-------- Input for this task
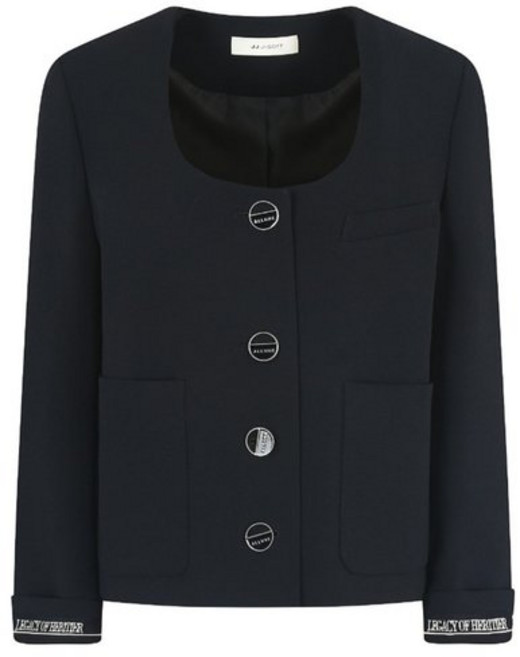 JJ지고트 제이제이 지고트테이프 배색 변형 라운드넥 재킷 GP3A0JKJ21 994563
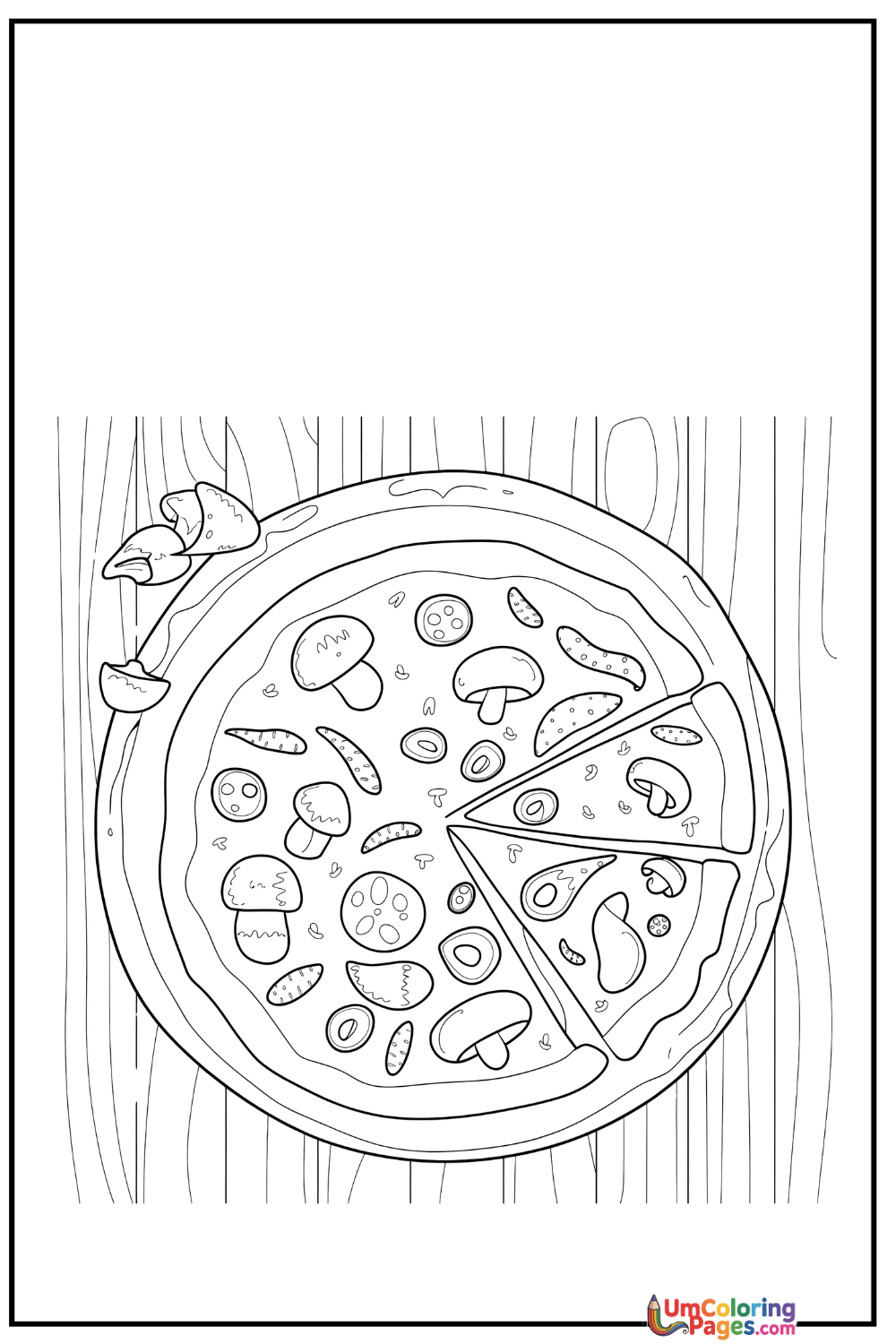 Pizza coloring page - free printable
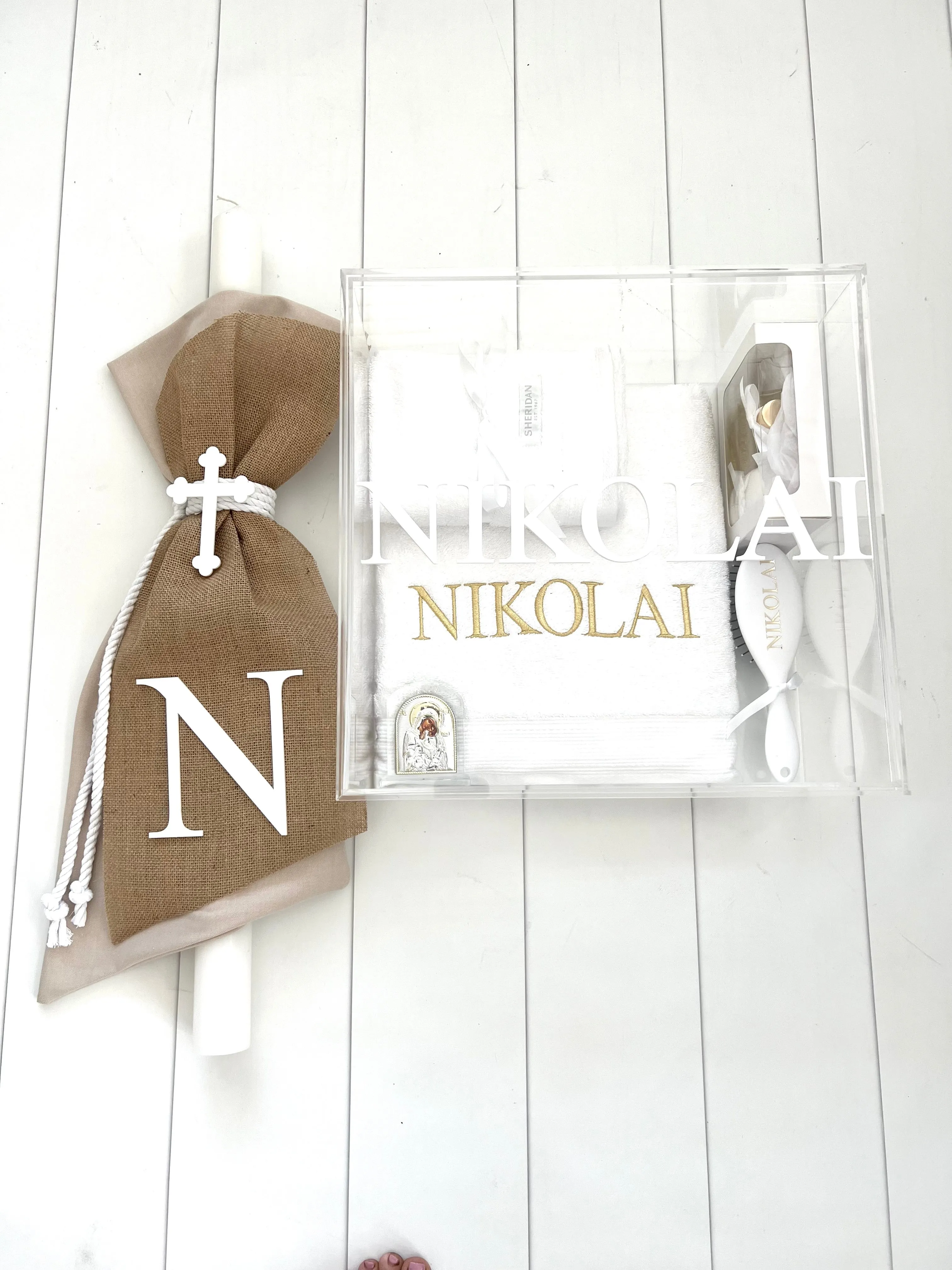 SQUARE CLEAR ACRYLIC BOX - with acrylic personalisation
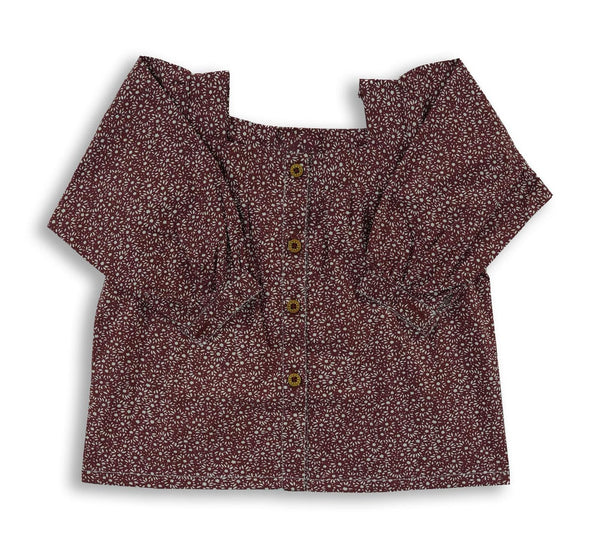 Kids Red Floral Print Shirt – Soft Cotton Everyday Wear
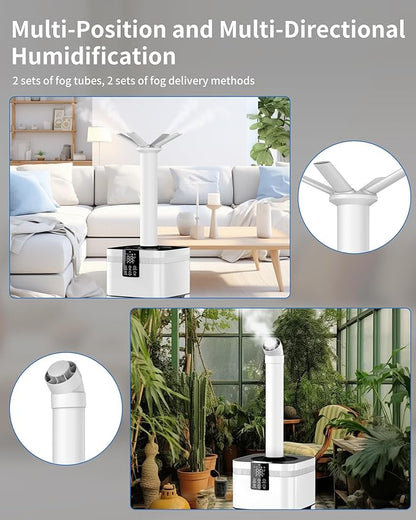 30L Commercial Humidifier for Large Room up to 4200 sq ft, Smart Cool Mist Humidifier with Precision Sensor, Top Fill, 360° Nozzle for Home, Office, Plants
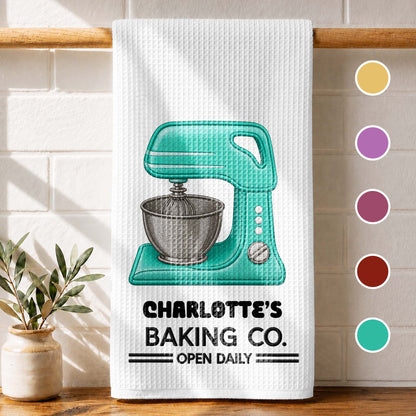 Baking Co. Open Daily Custom Name Dough Mixer 3D Embroidery - Personalized Kitchen Towel - BAKE043_TOWL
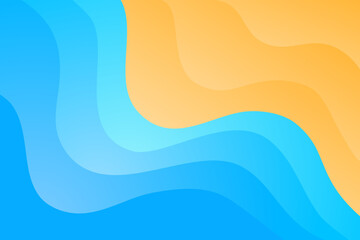 Wave Beach Summer Background  Sea Ocean Coast Water Vector Wallpaper Gradient Blue Color Curve Line Wavy. Summertime Holidays Vacation Traveling Voyage Relaxation Tropical Backdrop - obrazy, fototapety, plakaty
----------------
Work instructions:
Using the data above, set down each line from the line with "Kids Red Floral" to the line with "Baking Co. Open" exactly, both ends included, and leave the pictures behind. Nothing else belongs.

Exercise answer:
 Kids Red Floral Print Shirt – Soft Cotton Everyday Wear
 30L Commercial Humidifier for Large Room up to 4200 sq ft, Smart Cool Mist Humidifier with Precision Sensor, Top Fill, 360° Nozzle for Home, Office, Plants
 Baking Co. Open Daily Custom Name Dough Mixer 3D Embroidery - Personalized Kitchen Towel - BAKE043_TOWL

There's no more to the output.